Permanent magnets — whether powerful Neodymium magnets or common Ferrite magnets — have a remarkable ability: they stay magnetized for years and can exert force through air, glass, wood, and even non-ferrous metals. But what makes this possible?
The answer lies in their internal structure.
Inside magnetic materials are tiny regions called magnetic domains. In ordinary materials, these domains point in random directions, cancelling each other out. In a permanent magnet, however, most of these domains are aligned in the same direction. This alignment is stable and resistant to disturbance, which is why the magnet remains magnetized for a long time.
Every permanent magnet has two poles: North (N) and South (S). Between these poles, magnetic flux lines constantly exist. These invisible lines form the magnetic field that surrounds the magnet and extends into the space around it.

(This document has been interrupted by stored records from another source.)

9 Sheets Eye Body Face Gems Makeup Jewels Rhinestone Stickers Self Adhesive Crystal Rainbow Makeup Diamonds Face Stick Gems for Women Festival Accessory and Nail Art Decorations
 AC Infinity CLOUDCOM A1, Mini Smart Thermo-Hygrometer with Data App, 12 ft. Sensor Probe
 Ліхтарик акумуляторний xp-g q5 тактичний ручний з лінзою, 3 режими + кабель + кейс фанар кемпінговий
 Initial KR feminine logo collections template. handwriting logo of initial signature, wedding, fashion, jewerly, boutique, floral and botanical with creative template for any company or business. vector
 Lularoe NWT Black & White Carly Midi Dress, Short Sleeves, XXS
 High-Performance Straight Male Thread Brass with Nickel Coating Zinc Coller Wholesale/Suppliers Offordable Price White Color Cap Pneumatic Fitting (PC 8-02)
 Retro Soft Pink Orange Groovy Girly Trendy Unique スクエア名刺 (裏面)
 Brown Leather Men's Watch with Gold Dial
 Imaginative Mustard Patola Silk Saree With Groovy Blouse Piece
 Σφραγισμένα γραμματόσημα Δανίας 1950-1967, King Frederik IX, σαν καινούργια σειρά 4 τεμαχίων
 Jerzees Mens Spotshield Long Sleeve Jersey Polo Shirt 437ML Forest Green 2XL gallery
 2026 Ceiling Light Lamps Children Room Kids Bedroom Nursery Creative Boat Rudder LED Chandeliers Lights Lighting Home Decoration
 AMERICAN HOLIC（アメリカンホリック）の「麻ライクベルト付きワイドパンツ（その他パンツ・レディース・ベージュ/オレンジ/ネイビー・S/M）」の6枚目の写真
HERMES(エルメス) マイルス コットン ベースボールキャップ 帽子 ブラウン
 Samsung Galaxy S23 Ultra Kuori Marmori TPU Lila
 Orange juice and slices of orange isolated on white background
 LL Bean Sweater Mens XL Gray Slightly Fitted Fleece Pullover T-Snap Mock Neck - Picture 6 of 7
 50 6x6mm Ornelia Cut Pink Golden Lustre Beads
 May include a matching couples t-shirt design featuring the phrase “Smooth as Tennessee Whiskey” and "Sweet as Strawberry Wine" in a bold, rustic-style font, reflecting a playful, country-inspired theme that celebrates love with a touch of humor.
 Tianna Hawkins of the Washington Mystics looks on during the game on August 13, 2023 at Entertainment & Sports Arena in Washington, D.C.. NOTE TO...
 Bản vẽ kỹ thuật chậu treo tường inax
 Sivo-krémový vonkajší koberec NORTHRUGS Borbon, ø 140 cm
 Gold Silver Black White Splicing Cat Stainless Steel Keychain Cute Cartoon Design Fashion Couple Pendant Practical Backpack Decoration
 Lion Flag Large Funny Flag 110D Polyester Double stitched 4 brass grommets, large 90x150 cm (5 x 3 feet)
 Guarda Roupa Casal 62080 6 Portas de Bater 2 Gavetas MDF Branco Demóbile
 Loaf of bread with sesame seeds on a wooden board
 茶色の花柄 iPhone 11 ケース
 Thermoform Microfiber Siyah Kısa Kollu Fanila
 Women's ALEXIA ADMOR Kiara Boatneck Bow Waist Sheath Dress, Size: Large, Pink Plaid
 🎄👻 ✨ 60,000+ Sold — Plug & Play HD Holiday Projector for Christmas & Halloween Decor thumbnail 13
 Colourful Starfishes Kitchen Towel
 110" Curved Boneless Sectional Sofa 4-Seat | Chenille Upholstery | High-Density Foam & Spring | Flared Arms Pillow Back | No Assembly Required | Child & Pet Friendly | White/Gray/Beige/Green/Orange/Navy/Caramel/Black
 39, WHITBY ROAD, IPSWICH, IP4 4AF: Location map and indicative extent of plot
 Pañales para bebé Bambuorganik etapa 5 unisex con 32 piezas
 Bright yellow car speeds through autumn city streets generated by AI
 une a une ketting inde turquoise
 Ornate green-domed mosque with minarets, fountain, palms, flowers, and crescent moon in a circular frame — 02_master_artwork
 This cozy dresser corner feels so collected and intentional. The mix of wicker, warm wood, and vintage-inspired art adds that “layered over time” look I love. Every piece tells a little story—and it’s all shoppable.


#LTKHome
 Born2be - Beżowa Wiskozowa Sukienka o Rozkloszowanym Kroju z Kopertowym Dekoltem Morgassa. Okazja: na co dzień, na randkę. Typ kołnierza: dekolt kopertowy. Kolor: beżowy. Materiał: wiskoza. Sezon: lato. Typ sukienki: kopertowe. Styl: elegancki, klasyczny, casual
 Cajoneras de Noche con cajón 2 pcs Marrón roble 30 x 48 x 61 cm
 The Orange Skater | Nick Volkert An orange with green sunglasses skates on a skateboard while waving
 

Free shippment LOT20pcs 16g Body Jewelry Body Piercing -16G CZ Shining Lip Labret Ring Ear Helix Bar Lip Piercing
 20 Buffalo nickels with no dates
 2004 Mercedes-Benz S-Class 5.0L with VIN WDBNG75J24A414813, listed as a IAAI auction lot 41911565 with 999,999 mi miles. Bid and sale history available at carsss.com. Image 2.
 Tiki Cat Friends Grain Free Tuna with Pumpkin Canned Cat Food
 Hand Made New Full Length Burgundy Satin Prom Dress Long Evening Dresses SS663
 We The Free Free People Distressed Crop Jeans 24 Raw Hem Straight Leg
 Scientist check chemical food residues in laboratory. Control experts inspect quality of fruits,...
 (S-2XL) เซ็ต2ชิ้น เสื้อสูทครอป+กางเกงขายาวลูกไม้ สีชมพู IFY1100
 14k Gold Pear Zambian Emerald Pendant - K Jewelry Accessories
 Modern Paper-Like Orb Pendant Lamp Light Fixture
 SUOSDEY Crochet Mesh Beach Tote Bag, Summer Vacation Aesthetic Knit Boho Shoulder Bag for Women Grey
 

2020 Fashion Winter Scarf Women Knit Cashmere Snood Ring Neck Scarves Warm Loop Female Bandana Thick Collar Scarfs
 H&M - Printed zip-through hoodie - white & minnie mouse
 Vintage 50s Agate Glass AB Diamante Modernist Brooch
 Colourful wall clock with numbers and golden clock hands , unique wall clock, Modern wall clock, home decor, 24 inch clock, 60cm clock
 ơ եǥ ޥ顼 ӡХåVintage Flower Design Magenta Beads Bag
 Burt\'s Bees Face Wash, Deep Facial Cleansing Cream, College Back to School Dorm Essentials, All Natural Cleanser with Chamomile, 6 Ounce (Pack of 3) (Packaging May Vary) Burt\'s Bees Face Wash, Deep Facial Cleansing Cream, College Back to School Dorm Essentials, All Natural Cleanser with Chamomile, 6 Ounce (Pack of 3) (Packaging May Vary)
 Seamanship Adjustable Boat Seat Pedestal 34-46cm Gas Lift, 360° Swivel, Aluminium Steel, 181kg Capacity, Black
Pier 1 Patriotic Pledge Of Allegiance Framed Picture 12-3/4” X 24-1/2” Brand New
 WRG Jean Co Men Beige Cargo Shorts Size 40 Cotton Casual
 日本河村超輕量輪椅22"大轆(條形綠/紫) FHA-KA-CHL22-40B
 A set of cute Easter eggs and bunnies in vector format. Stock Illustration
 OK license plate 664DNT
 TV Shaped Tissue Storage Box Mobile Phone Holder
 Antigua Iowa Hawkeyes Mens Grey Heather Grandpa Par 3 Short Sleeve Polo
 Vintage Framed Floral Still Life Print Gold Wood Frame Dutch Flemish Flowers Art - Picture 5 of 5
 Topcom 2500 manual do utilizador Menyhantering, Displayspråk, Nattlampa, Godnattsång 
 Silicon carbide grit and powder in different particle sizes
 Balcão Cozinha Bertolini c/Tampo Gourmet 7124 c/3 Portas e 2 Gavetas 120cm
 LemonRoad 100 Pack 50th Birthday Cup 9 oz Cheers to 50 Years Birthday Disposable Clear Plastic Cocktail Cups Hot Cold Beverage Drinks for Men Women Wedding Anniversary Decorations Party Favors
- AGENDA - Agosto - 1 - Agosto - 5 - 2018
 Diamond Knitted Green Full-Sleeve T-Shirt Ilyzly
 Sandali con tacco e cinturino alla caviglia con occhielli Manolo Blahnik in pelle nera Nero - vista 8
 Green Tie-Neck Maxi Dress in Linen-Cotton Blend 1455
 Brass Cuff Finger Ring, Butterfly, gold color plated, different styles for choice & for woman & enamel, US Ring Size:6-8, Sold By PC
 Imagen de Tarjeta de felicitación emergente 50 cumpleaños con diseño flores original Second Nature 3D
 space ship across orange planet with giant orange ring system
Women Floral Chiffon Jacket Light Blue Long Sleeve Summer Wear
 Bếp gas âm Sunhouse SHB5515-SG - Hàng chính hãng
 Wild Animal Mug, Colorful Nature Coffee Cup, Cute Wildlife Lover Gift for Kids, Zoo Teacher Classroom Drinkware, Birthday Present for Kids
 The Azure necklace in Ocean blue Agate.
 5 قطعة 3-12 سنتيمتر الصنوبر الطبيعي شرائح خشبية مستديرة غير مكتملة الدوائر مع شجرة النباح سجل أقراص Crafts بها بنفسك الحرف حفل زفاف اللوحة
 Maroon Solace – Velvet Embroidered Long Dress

When a piece of steel (or any ferrous material) is placed within this magnetic field, it becomes temporarily magnetized. The magnet induces an opposite polarity in the steel, which creates attraction. In simple terms, opposite poles attract — and that is why the steel is pulled toward the magnet.
The strength of this attraction depends on the magnetic flux density in the material. Importantly, the pulling force increases with the square of the flux density. This means that even a small increase in magnetic strength can produce a much larger increase in holding force.
Magnetic fields can also be controlled. A “keeper” steel plate placed across the poles of a magnet provides a low-resistance path for the magnetic flux. This effectively contains most of the flux within the steel, reducing the external magnetic field. As a result, nearby steel objects will not be strongly attracted.
This principle is commonly used during transport. Magnets are often stored with keeper plates or inside steel boxes to prevent magnetic flux from extending outward and interfering with sensitive electronics, such as aircraft instruments.
Permanent magnets may seem mysterious, but their behavior is governed by well-understood physical principles of domain alignment and magnetic flux control.